4. Varying query specificity: adding or deleting a term, or providing a paragraph narrative on the information need rather than a few keywords, can greatly alter the outcome of the search.
5. Real-world information needs: people who search using IR systems are engaged in particular situations, and have backgrounds and knowledge that might help to refine search results.
The investigator is involved with a community of faculty and students from the School of Information and Library Science (with participation open to faculty and students from elsewhere on campus) in a focused multi-semester study of these problems. The study is taking place within the rubric of the Text Retrieval Conference or TREC. TREC is an international multi-disciplinary effort to address the problems of IR through ongoing research on a growing collection of full-text documents.
The investigator is starting his third year of participation in TREC. The previous two years have resulted in attendance at the annual TREC conference and publication in the proceedings (see http://trec.nist.gov). Two doctoral students and one other faculty at SILS have also participated in TREC. By having a better infrastructure for significant and ongoing research with the TREC data, we hope to build a world-class presence in the field of IR. The SILS faculty and students are already strong in this area, but have not yet been able to work together, year round, on investigations.
This proposal is to gain additional disk space for an existing server for use by the SILS TREC community of faculty and students. With over 1.3 million documents in the TREC collection, and nearly 100,000 relevance judgments for 350 queries used in past TREC experiments, the storage needs for large-scale investigations are significant.

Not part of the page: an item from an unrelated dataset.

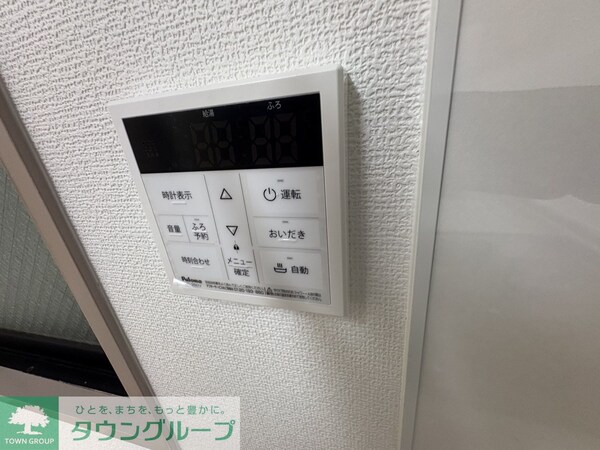 設備(設備)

Without the funding, it will be impossible to keep large-scale retrieval experiments online, as competing research needs for the workstation facilities otherwise require that systems resources be freed for other work.
The methods and procedures to be followed will develop further as students gain familiarity with the data. Overall, this funding will enable a broad range of study techniques. Currently, two prototype systems from last year’s TREC are available, and the investigator is involved in several different research methods. These include:
a. Comparing small-, medium- and large-size database subsets to identify trends in term (word) counts across the subsets. Can we characterize a database by sampling a subset? Subset sizes are 100MB, 500MB, and 5GB in size.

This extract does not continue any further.